[Saved entries]
########
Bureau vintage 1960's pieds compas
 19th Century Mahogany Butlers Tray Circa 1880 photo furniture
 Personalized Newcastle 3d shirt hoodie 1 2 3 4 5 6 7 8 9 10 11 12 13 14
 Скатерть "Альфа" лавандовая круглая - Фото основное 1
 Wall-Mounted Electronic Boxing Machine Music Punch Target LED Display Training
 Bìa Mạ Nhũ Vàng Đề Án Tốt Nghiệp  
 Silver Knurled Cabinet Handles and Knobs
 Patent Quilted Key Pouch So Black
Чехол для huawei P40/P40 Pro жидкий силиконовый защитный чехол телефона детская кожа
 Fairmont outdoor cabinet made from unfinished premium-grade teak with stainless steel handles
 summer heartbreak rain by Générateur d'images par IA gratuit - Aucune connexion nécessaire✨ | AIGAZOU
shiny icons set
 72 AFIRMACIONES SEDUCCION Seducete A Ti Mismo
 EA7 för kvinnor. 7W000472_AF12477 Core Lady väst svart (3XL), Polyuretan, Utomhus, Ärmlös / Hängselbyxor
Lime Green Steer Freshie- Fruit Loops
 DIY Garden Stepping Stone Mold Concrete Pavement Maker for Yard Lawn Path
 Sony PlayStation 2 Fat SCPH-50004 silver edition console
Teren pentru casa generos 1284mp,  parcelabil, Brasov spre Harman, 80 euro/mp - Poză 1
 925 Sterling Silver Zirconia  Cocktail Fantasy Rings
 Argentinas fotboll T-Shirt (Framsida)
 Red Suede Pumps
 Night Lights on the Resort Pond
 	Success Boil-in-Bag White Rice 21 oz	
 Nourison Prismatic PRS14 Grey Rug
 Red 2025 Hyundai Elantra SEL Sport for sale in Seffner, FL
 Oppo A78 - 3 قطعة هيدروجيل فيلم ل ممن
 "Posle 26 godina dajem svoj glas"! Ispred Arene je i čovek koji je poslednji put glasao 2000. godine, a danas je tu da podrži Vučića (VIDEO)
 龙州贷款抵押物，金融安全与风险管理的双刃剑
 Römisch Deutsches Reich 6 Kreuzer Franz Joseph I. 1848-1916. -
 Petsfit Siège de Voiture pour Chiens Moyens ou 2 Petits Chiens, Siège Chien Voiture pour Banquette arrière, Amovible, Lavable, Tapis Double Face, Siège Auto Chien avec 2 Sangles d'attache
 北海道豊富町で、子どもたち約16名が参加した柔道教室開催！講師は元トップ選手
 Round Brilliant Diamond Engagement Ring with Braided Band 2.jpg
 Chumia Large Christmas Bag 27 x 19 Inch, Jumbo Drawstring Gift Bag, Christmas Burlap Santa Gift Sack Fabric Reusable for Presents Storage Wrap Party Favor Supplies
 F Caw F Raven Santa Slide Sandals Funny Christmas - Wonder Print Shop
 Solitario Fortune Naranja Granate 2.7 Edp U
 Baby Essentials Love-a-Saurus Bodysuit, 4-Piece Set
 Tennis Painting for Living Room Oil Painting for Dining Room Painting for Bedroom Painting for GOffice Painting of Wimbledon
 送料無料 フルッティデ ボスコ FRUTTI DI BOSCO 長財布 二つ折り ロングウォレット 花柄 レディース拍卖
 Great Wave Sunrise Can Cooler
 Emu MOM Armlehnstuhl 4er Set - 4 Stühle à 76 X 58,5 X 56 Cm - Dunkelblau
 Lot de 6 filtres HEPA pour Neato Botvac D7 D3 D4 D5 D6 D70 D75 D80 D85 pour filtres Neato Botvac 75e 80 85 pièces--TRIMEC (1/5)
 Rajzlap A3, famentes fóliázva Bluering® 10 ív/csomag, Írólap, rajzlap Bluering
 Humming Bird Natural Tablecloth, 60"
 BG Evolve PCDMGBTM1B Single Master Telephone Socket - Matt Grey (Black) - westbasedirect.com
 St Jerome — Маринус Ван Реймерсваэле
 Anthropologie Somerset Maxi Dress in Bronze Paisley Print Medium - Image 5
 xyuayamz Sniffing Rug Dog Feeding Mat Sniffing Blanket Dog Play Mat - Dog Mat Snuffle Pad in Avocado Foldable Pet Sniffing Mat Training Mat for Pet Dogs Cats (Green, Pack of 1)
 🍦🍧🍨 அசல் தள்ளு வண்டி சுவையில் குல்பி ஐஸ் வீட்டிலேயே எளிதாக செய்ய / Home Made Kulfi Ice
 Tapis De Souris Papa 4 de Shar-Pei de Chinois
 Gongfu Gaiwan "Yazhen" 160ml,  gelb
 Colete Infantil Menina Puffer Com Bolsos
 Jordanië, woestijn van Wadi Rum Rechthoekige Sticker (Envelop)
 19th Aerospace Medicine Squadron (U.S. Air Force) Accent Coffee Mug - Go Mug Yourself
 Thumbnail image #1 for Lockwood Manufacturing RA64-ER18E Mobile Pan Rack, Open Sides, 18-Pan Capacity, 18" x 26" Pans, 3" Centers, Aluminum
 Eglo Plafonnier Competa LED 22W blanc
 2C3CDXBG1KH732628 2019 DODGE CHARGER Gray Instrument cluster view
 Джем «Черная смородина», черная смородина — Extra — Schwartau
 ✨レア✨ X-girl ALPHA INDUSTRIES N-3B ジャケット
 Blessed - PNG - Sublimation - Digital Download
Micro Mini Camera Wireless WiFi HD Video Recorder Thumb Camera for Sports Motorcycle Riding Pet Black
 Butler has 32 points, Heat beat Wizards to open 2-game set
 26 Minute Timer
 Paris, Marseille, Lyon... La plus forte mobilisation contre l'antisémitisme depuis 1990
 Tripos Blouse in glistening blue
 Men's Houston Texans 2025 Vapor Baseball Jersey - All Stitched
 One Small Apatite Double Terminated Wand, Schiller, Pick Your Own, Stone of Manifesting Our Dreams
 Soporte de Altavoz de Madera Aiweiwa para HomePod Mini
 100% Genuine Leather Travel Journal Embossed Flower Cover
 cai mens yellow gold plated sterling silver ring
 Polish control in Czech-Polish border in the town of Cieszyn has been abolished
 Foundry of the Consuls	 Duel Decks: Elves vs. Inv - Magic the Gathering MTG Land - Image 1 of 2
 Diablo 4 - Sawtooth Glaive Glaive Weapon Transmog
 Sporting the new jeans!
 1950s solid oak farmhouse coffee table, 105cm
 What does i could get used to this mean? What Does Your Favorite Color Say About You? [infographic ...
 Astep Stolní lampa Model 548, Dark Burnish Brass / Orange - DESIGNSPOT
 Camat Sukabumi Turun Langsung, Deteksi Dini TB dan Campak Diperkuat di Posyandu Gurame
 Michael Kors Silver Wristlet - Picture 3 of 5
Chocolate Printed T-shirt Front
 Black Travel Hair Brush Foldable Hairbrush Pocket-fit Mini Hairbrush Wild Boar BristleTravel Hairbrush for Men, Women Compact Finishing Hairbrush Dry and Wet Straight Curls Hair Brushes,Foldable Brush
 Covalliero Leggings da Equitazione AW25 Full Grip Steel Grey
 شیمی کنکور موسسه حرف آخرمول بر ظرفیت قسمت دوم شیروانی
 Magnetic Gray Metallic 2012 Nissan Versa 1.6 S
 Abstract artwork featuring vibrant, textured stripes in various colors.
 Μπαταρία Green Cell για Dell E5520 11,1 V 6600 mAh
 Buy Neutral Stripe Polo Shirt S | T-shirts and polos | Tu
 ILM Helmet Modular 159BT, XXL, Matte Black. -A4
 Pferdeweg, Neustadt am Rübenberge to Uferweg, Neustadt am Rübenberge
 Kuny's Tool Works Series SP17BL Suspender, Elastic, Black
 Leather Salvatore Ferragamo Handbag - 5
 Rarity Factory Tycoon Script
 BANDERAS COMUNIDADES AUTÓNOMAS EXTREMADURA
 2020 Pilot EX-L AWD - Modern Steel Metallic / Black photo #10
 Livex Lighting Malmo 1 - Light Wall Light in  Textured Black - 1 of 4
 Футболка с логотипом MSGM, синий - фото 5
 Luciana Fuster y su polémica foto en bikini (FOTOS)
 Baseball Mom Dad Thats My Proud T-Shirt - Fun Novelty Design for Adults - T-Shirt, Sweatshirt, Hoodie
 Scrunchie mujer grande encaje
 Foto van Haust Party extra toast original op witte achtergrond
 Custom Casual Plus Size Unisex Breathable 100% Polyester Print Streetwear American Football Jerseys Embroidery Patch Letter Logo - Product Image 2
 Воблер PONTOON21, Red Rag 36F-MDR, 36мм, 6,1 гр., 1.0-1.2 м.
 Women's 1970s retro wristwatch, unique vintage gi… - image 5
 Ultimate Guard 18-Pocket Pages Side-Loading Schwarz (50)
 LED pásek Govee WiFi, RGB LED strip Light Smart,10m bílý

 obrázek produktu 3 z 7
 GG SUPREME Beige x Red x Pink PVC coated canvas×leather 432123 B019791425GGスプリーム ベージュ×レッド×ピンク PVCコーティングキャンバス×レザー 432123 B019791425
########
What you are asked to do
The lines from the start of the entries above through the line containing "shiny icons set" are the ones to return, please; copy them exactly and include both ends.

Result of the task
Bureau vintage 1960's pieds compas
 19th Century Mahogany Butlers Tray Circa 1880 photo furniture
 Personalized Newcastle 3d shirt hoodie 1 2 3 4 5 6 7 8 9 10 11 12 13 14
 Скатерть "Альфа" лавандовая круглая - Фото основное 1
 Wall-Mounted Electronic Boxing Machine Music Punch Target LED Display Training
 Bìa Mạ Nhũ Vàng Đề Án Tốt Nghiệp  
 Silver Knurled Cabinet Handles and Knobs
 Patent Quilted Key Pouch So Black
Чехол для huawei P40/P40 Pro жидкий силиконовый защитный чехол телефона детская кожа
 Fairmont outdoor cabinet made from unfinished premium-grade teak with stainless steel handles
 summer heartbreak rain by Générateur d'images par IA gratuit - Aucune connexion nécessaire✨ | AIGAZOU
shiny icons set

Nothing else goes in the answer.